Chapitre 13
Amylose
Définition: L’amylose à chaîne légère d’immunoglobuline est caractérisée par une population clonale de plasmocytes dans la moelle osseuse qui produit des chaînes légères monoclonales de type κ ou λ, comme molécules intactes ou sous forme de fragments. Les chaînes légères, au lieu de la configuration α-hélicoïdale de la plupart des protéines, ont une structure en feuillet β plissé, qui favorise leur précipitation et leurs dépôts dans les tissus, ce qui finit par perturber la fonction des organes. La configuration en feuillet β plissé est responsable des propriétés tinctoriales ; lorsque la protéine est colorée par le rouge Congo et exposée à une lumière polarisée, une biréfringence vert pomme apparaît et fournit le diagnostic. L’amylose systémique à chaîne légère (AL) doit être distinguée de l’amylose, beaucoup moins fréquente, associée à une infection chronique ou à une arthropathie inflammatoire (secondaire ou AA) ; elle doit l’être également des cardiomyopathies et neuropathies amyloïdes héréditaires (familiales ou AF).

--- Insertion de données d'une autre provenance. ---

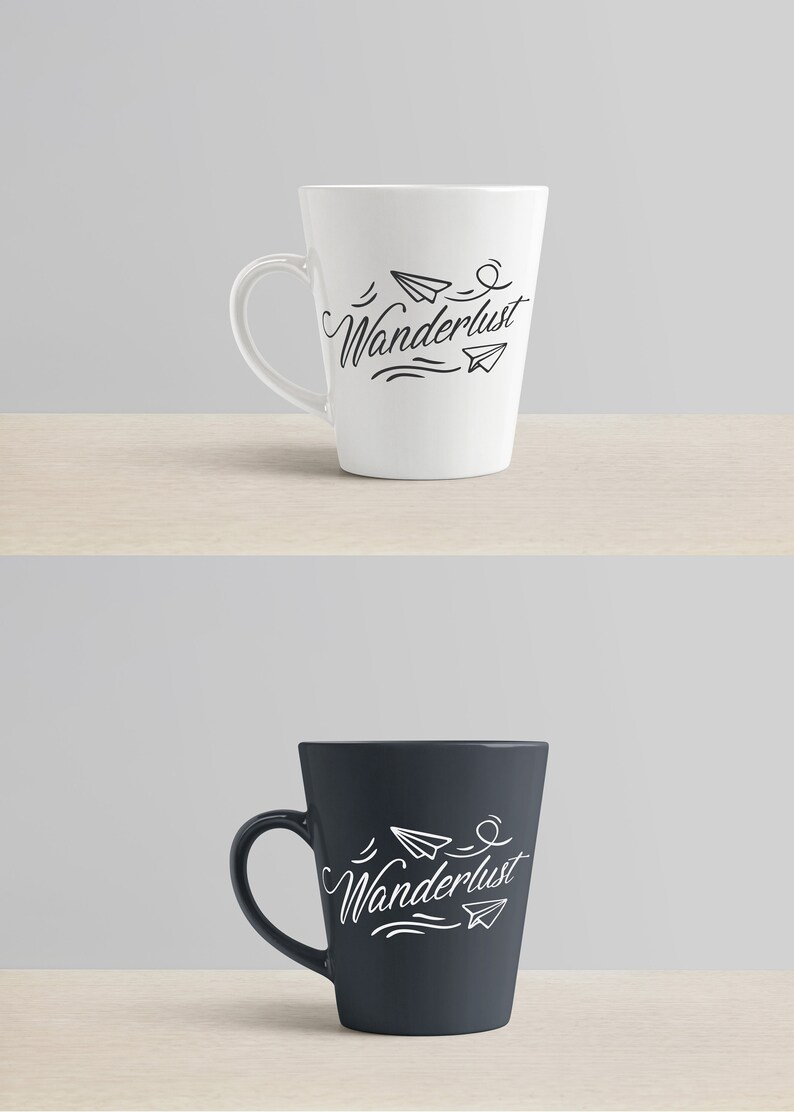 May include: Two ceramic mugs, one white and one dark blue, each with a curved handle. The mugs feature the word "Wanderlust" in cursive, along with paper airplane illustrations. The mugs are on a light wooden surface.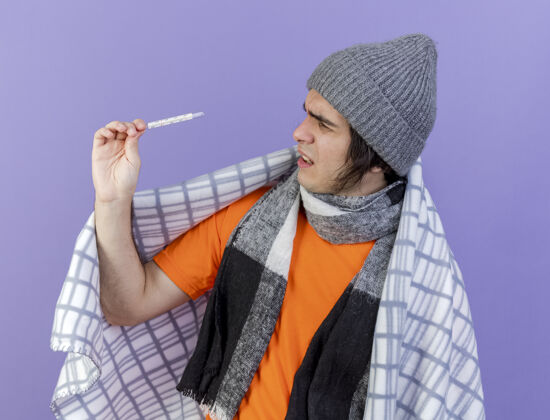 迷糊困惑的年轻病人戴着冬天的帽子 围巾裹着格子布 拿着温度计看着隔离在紫色上戴着抱着男人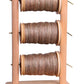 The Ashford Lazy Kate by Ashford Handicrafts Limited is a vertical wooden spool holder that comes with three spools of brown-tinted thread. It features two posts connected by three thin metal rods, each holding one spool, which are evenly spaced and securely mounted.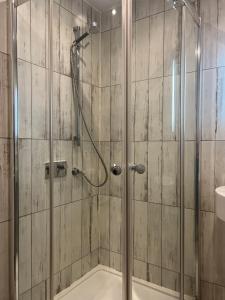 a shower with a glass door in a bathroom at The Aberlour Hotel in Aberlour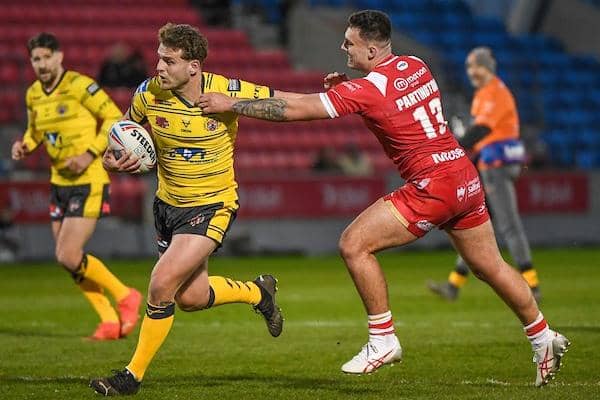 George Lawler is tackled by Oliver Partington during Tigers' defeat at Salford last week. Picture by Olly Hassell/SWpix.com.
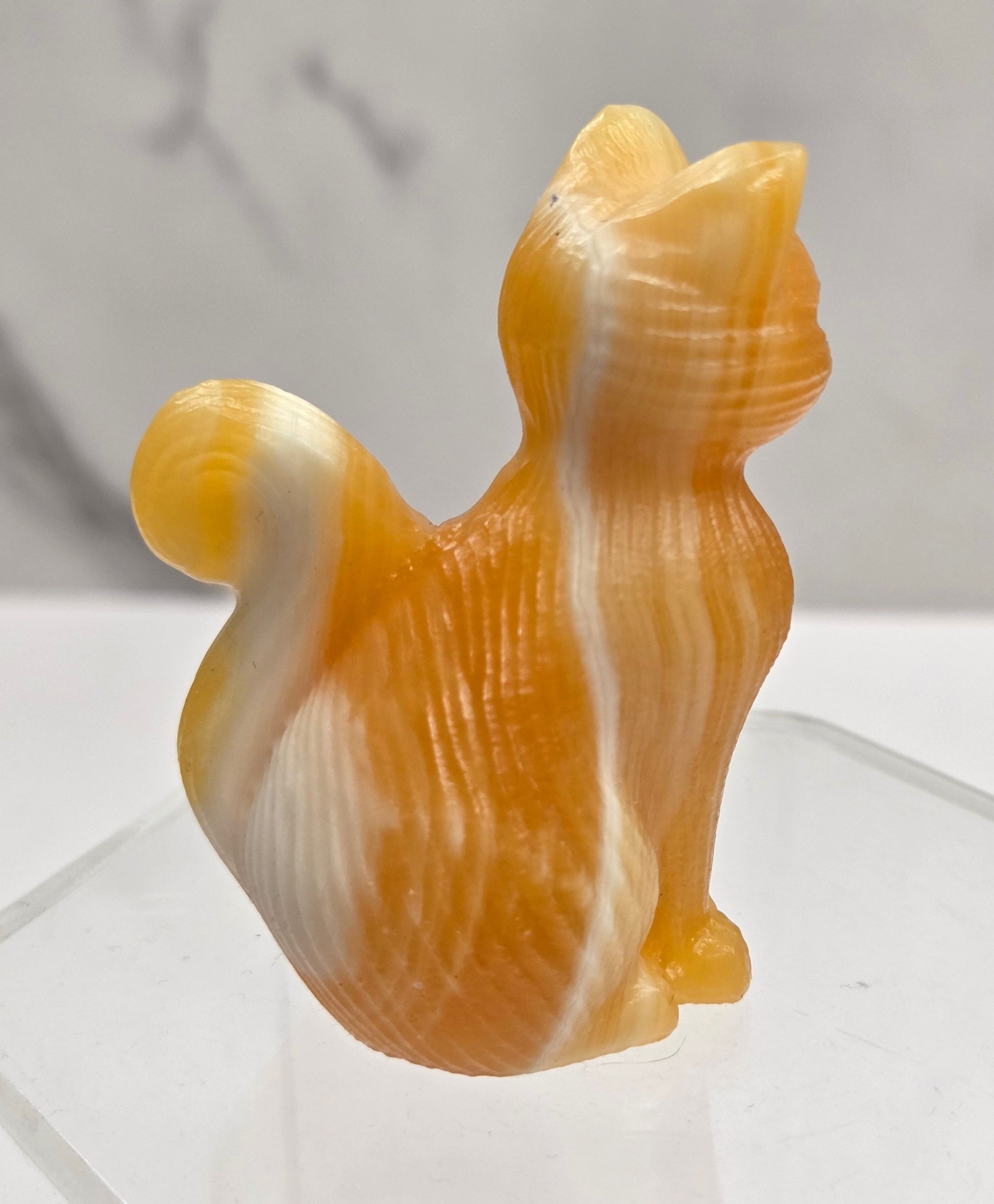 Crystal cat figurine made of Orange Calcite on a white background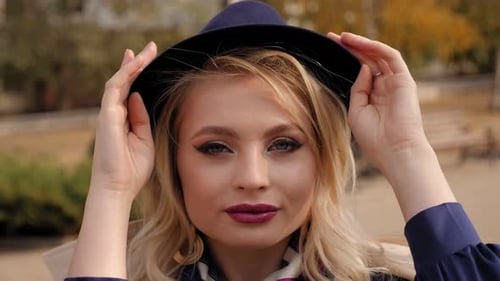 Portrait of Young Beautiful Woman in a Coat and Black Hat in an Autumn City Park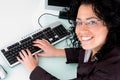 Smiling female working on computer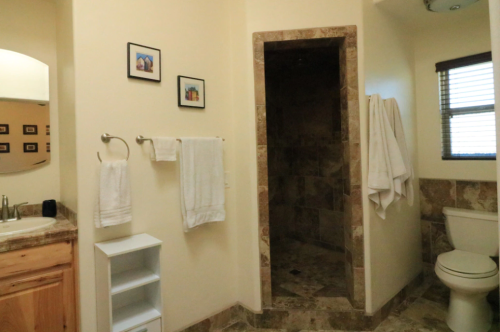 A clean bathroom featuring a shower, toilet, sink, and decorative wall art. White towels hang neatly on racks.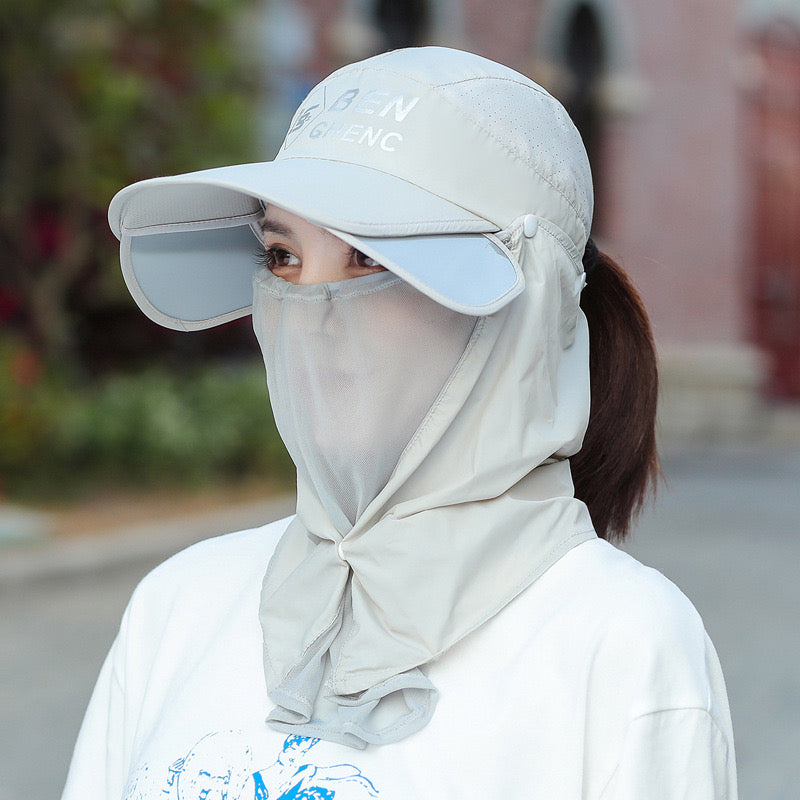 A Woman is Wearing Wide Brim Bucket Hat with Neck Cover.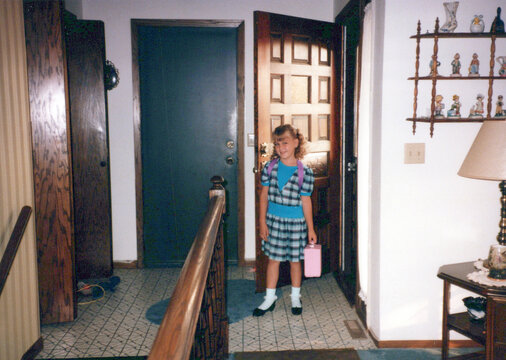 Circa 1986 - back to school first day portrait of a first grader student going to elementary school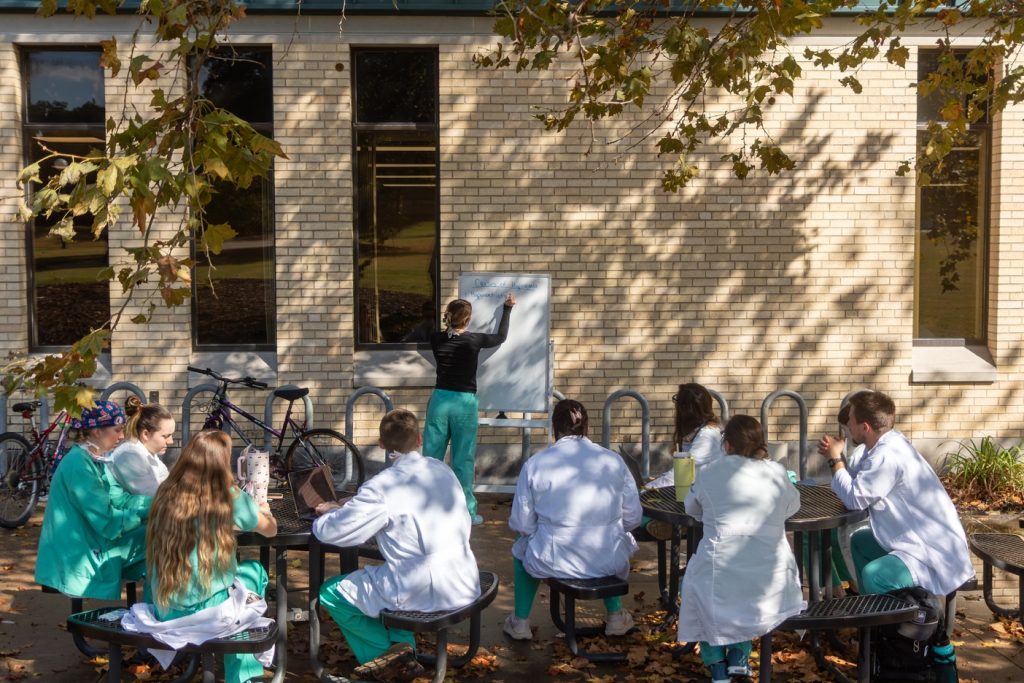 Jess Taylor Brune leading rounds in front of the veterinary medicine building.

Manifestations cliniques: L’amylose est particulièrement difficile à diagnostiquer et constitue un défi pour les internistes. Les symptômes initiaux peuvent être très larges et ressemblent à des troubles beaucoup plus communs (tableau 13-1). Les signes incluent un épaississement de la langue avec des indentations et des pincements ou un purpura périorbitaire, conséquence de la fragilité vasculaire. Les signes sont spécifiques, mais manquent de sensibilité, en ce sens qu’ils ne sont pas présents chez plus de 20 % des patients. Aucune technique d’imagerie et aucun examen de laboratoire ne fournissent à eux seuls le diagnostic de la maladie. Le clinicien doit donc être conscient de la possibilité d’une amylose, ou bien elle peut lui échapper. Le rein est souvent impliqué dans l’amylose. Le diagnostic doit être évoqué chez tout patient avec une protéinurie de type néphrotique non diabétique. Une augmentation spectaculaire du taux de cholestérol sanguin (médiane de 270 mg/dl) peut être un premier signe chez un tiers des patients atteints d’amylose avec syndrome néphrotique. Aussi, une analyse d’urine pour recherche de protéinurie doit être effectuée chez tout patient dont la cholestérolémie a brusquement augmenté. Si une glomérulopathie à changements minimes était présumée, un patient non diabétique avec protéinurie pourrait recevoir empiriquement une cure de corticoïde. Or, ce traitement retarde le diagnostic d’amylose et permet ainsi que la maladie s’étende à d’autres organes. En cas de syndrome néphrotique non diabétique, 10 % des biopsies rénales s’avèrent par la suite contenir de la substance amyloïde. Dans l’AL, une biopsie rénale transcutanée n’augmente pas l’incidence des saignements.
Tableau 13-1
Symptômes, signes et syndromes de l’amylose
Symptômes et signes
Symptômes courants : fatigue, œdème, dyspnée, anorexie, paresthésies
Symptômes rares : claudication, douleurs et raideurs articulaires, syndrome sec
Signes courants : purpura périorbitaire, glossomégalie, hépatomégalie
Signes rares : infiltration cireuse des paupières, signe de l’épaulette
Syndromes
Syndrome néphrotique non diabétique
Cardiomyopathie non ischémique avec un échocardiogramme montrant une « hypertrophie »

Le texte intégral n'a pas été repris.